Burning neck pain describes the sensation of heat or the actual presence of heat within the greater neck anatomy. These feelings are usually centered in the muscular structures, off center of the spine, but can be experienced virtually anywhere in less common scenarios. Burning can increase patient distress due to both the actual pain suffered, as well as the worry that something is truly seriously wrong in the body to create such torture.
Burning is a relatively common expression of neck pain and is virtually always associated with muscular causation. In this essay, we will examine the causes of burning pain in the neck, the symptoms that might be presented and the best course of treatment for the usual varieties of burning neck issues.
Burning Neck Pain Symptoms
Burning is not typically a symptom of spinal causation when it comes to dorsalgia. Instead, burning is almost always associated with myositis conditions that reside in the muscular and connective tissues of the neck, shoulders and upper back. Burning might be a mere perception or might be objectively palpable in the muscular tissues. Burning can occur anywhere in the neck or upper back, but typically involves off-center symptoms that reside in one or more hotspots of pain, with radiating patterns of heat from these focal symptomatic zones. Pain might occur unilaterally or bilaterally, and may affect several different regions of the neck and back, often on opposite sides of the spine at different heights.
Hotspots of heat might be sharply painful, while the radiating areas around these central zones usually present dull pain. Particular movements and postures are often symptomatic exacerbators or relievers. After the heat fades in a symptomatic zone, the patient is often left stiff in that region. Alternately, acute stiffness might precede pain, as well in some patients and usually recurs once the most acute pain subsides.
Burning Neck Pain Causes
As previously noted, burning pain is most often associated with muscular causation. Burning pain can occur after minor, moderate or severe muscular injury, such as strain or sprain conditions. Repetitive strain problems might lead to chronic pain and recurrent burning in the greater neck anatomy. Injury might result from any number of known, suspected or unknown causes, including lifting, impacts, whiplash or other cause or hyperflexion or hyperextension.
Muscular pain might also be the result of a mindbody ischemia syndrome, such as tension myositis. These sinister conditions can create incredibly severe symptoms without any structural basis for the pain existing. Instead, symptoms are generated through purposeful oxygen deprivation of the affected tissues. The result is a wide of discomfort issues, including pain, burning, tingling, weakness and/or numbness.
In rare cases, burning can occur in association with spinal problems, such as nerve compression or chemical radiculitis. Typically, these events create symptoms close to, or directly on, the spine in highly defined areas. Symptoms typically do not last or come in predictable patterns, such as those involved in more common muscular expressions. Likewise, changes in posture or activity rarely provide relief, although some might exacerbate the pain.
Burning Neck Pain Remedies
For usual cases of burning in the neck associated with muscular pain due to overuse and minor strain, home treatment should suffice and provide relief in a short time frame:
Patients are advised to rest the area, but not immobilize it. Move the neck gently and try to discover which postures and movements relieve the pain and which worsen it. Apply your findings to help manage the pain while the area heals naturally.
Ice might provide substantial relief, especially if inflammation is present. Ice is usually best when applied for 15 to 20 minutes on and one hour off throughout the first 48 hours after minor muscular, ligamentous or tendon strain.
Heat is great for pain conditions that are not linked to specific forms of injury or for injuries that have passed the 48 hour mark and have responded well to ice. Heat is best applied using wet forms of therapy, such as hot towels, showers or baths.
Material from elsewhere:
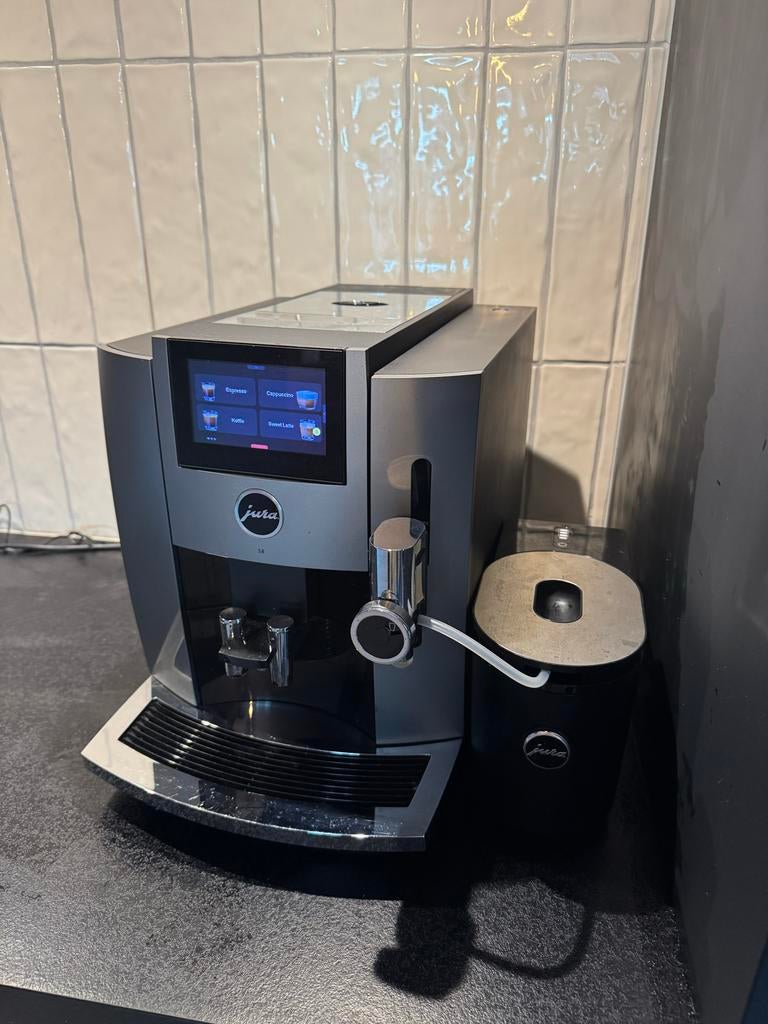 Jura S8 volautomatische koffiemachine - Zo goed als nieuw, Witgoed en Apparatuur, Afneembaar waterreservoir, 10 kopjes of meer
Massage might provide noticeable relief and can be attempted by a friend, family member or even the patient themselves. Gentle massage is preferred, so aggressive forms of massage should be avoided to prevent aggravating the symptomatic expression.
OTC remedies might be helpful, but should be taken with care and used for the shortest duration possible to avoid their inherent health risks.
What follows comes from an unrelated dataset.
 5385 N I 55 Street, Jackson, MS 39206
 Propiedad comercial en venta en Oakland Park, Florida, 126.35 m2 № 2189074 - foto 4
Professional treatment might be needed in cases of chronic or severe pain due to muscular injury or for scenarios where the muscles are not the source of pain:
Medical cryo and diathermy treatments will work in much the same manner as heat or ice applied at home, but with great efficiency in some instances.
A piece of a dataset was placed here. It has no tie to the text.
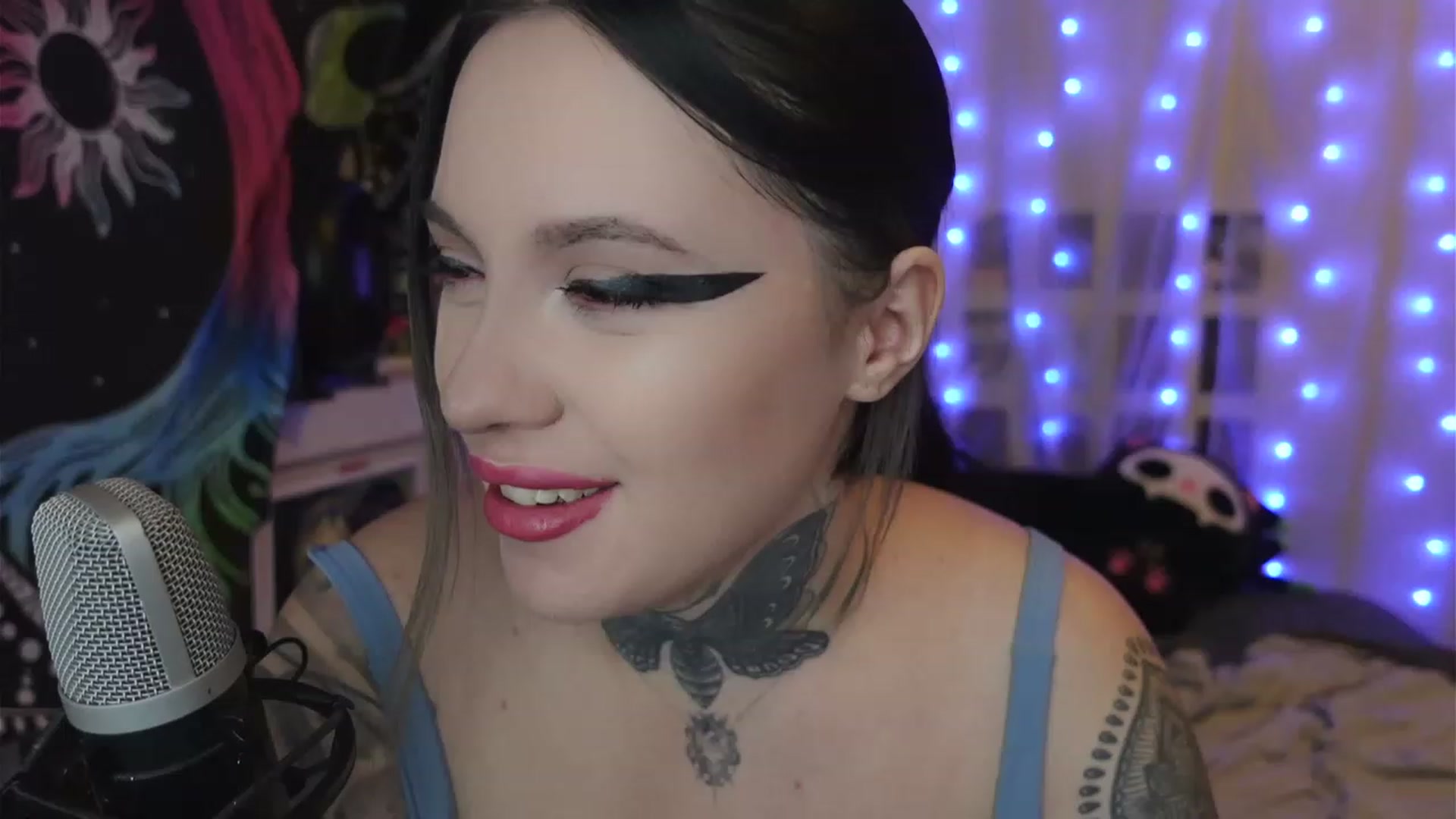 Gallery image thumbnail from hazelxxxoo's myfreecams stream on, 04/20/2023, 06:24 image 9 of 20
Prescription pain management drugs and injections should be avoided whenever possible. These substances are very toxic and can cause more damage than the small amount of relief they might provide. For chemical radiculitis problems that create burning, flushing injections might provide a true cure over time.
Rare cases of extreme muscular, tendon or ligament injury might require invasive intervention, especially when tissues become detached and will therefore not heal completely and organically without surgical fixation.
Patients might also consider adding psychoemotional therapies into their mix of care tactics, especially if physical measures fail to bring relief, the symptoms change or if the patents suspects a stress-related causation. Our favorite form of mindbody therapy is certainly knowledge therapy as this alternative medical practice offers great outcomes for many patients with chronic pain problems.